Mais on peut éga­le­ment pen­ser que c’est l’his­toire de Rocky, vieux, sans famille, bla­sé et prêt à mou­rir, qui finit par remon­ter la pente après qu’un jeune boxeur l’a convain­cu de l’en­traî­ner ; et là, c’est une suite de Rocky Balboa. Enfin, c’est de toute évi­dence l’his­toire d’un nou­veau boxeur appe­lé à faire d’autres films, et je vous parie que dans deux ans il refait un match pour la cein­ture ; c’est donc un pro­duit déri­vé pilo­té par le marketing.

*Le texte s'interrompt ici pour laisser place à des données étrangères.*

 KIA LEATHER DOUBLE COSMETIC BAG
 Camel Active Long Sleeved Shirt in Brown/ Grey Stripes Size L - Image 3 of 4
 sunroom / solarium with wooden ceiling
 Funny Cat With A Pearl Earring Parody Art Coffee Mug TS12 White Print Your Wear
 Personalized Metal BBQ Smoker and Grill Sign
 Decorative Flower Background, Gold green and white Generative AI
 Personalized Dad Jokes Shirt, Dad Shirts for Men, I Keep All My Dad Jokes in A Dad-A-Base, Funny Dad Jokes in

Une chose est en tout cas cer­taine : Creed est un pro­duit extrê­me­ment effi­cace, bien plus tra­vaillé qu’au­cun des Rocky. Rien n’a été lais­sé au hasard, ni sur le plan du scé­na­rio (qui y va un peu lour­de­ment sur la pater­ni­té, les vieux qui vieillissent, les regrets, tout ça, mais c’est dans la lignée du pré­cé­dent), ni sur le plan tech­nique. Le mon­tage est soi­gné, la pho­to impec­cable (Maryse Alberti, qui avait déjà fil­mé le superbe The wrest­ler), et même la direc­tion d’ac­teurs est plu­tôt réus­sie. Les scènes de boxe ont été un peu moder­ni­sées et si le gim­mick de la pré­sen­ta­tion façon télé­vi­sion est uti­li­sé un peu trop sys­té­ma­ti­que­ment, l’im­mer­sion et le réa­lisme des coups sont appréciables.

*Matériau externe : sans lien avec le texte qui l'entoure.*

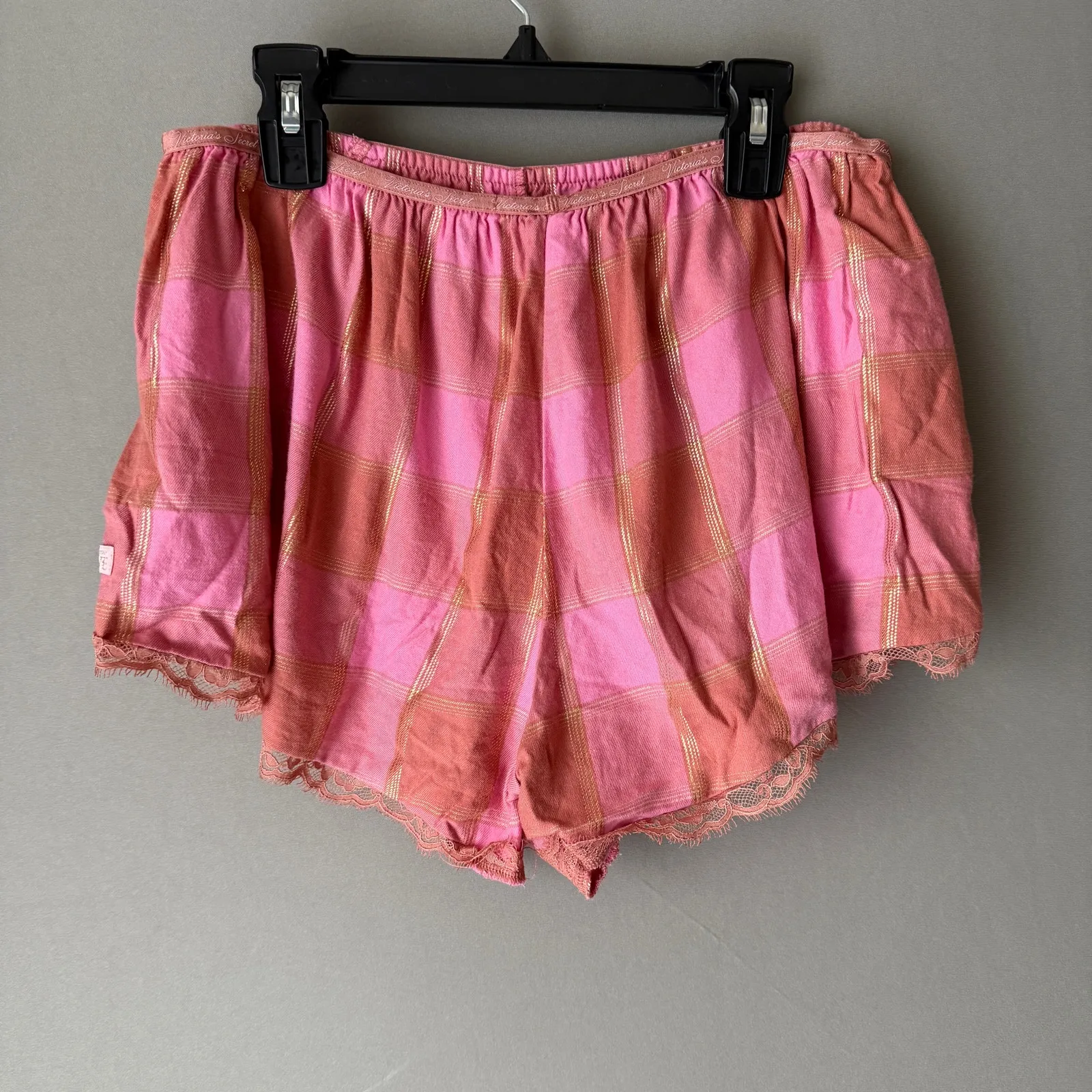 Victoria's Secret Shorts Size M Pink Orange Plaid‎ - Image 8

Rocky dans son camion, l'un des innombrables clins d'œil à la série originale. - photo MGM et Warner Bros
Rocky dans son camion, l’un des innom­brables clins d’œil à la série ori­gi­nale. — pho­to MGM et Warner Bros

Mais c’est aus­si un pro­duit par­fai­te­ment cali­bré, et ça se sent. Malgré leur naï­ve­té fla­grante, Rocky, Rocky II et Rocky Balboa avaient l’in­té­rêt de la sin­cé­ri­té : on sen­tait que Stallone, scé­na­riste et par­fois réa­li­sa­teur, y avait mis du cœur, et qu’il avait vou­lu inté­grer à son per­son­nage des valeurs et un sens. Ce n’est plus vrai­ment le cas de Creed, der­rière lequel on sent plu­tôt une machine hol­ly­woo­dienne bien hui­lée qui sait exac­te­ment quelle cible elle vise, mul­ti­plie les clins d’œil pour les fans (ah, cette musique ori­gi­nale qui pla­gie sans ver­gogne Gonna fly now et Eye of the tiger !) et intègre tous les élé­ments pour ratis­ser le plus large possible.

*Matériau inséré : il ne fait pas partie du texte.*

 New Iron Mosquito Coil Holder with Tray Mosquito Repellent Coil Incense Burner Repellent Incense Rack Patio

Les pre­miers Rocky avaient un peu la tenue de tomates du pota­ger que vous cueillez vous-mêmes sur l’ar­buste : un peu moches, un peu irré­gu­lières, avec par­fois des insectes à l’in­té­rieur, mais avec un vrai goût de tomate mûre. Creed est une tomate indus­trielle à la forme et à l’hy­giène irré­pro­chable, avec le goût simple et pauvre de la tomate cueillie deux jours avant matu­ra­tion pour sup­por­ter le voyage : c’est pas mau­vais et on n’a rien à lui repro­cher, mais ça manque de corps et ça laisse vague­ment sur sa faim.